Roughly, we don't break it down specifically, but generally speaking, it's been about 20% variable on other operating and about 33% variable on the personal line item that would generally be about the same.
Nikolai Fisken – Stephens, Inc.
And this is where most of the additional land cost sales are going to come out?
Anthony J. Park
They come out of both areas, I mean we're certainly getting -- a big part of the cost saves have come and are coming out of the personal line item. I think of the total $231 million, I want to say over a $150 million came from personal savings and maybe there, yeah, about the rest 80 million or so came from the other operating.
William P. Foley, II
The one thing we do want to make a point on or make clear on the synergies of $231 million, those are synergies that have been achieved, those are not projected synergies beyond March 31. So, those are in hand and in terms of some corporate synergies, there is a bit more to come in April and May as we really move away from the LandAmerica Richmond office and fully integrate our operations down here in Jacksonville.

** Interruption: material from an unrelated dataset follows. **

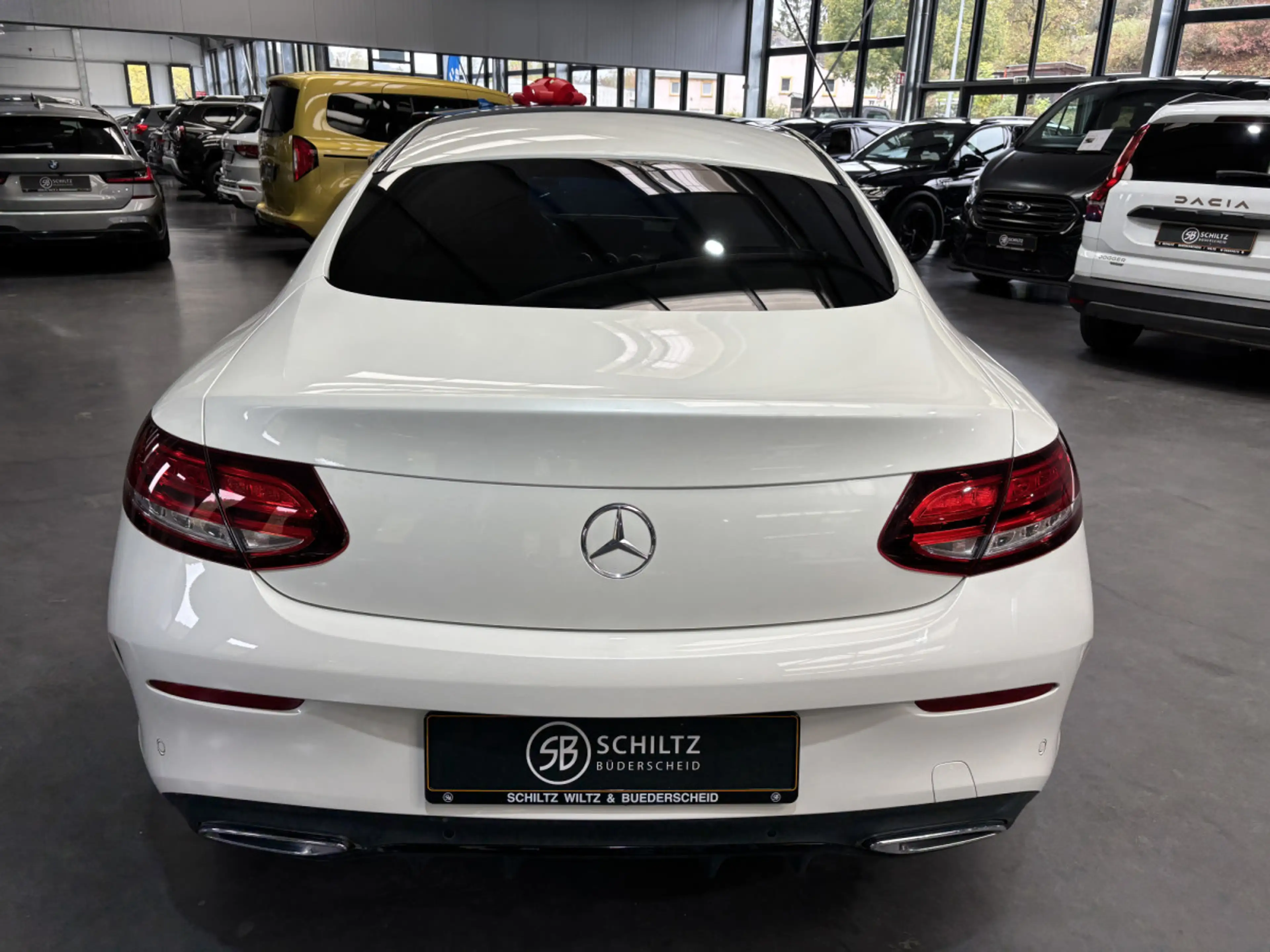 Mercedes-Benz C 220 Coupé AMG LINE 4MATIC — photo 4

And we are running a few duplicate expenses as we bring people, get people trained and get them hired down in Jacksonville versus Richmond.
Nikolai Fisken – Stephens, Inc.
I forgot one other thing -- on the write-downs, on the equity portfolio, anything else you guys foresee?
William P. Foley, II
If we haven't got it by now, I don't, our total equity portfolio at this point is about $19 million, but I mean, and every time we get there kind of little bit of profit we sell an issue. So, out of our $4.6 billion, we have $19 million now in equities.
So, I think we have got that I guess it could be 19, I don't know, it's low, I mean we have pretty good stocks but…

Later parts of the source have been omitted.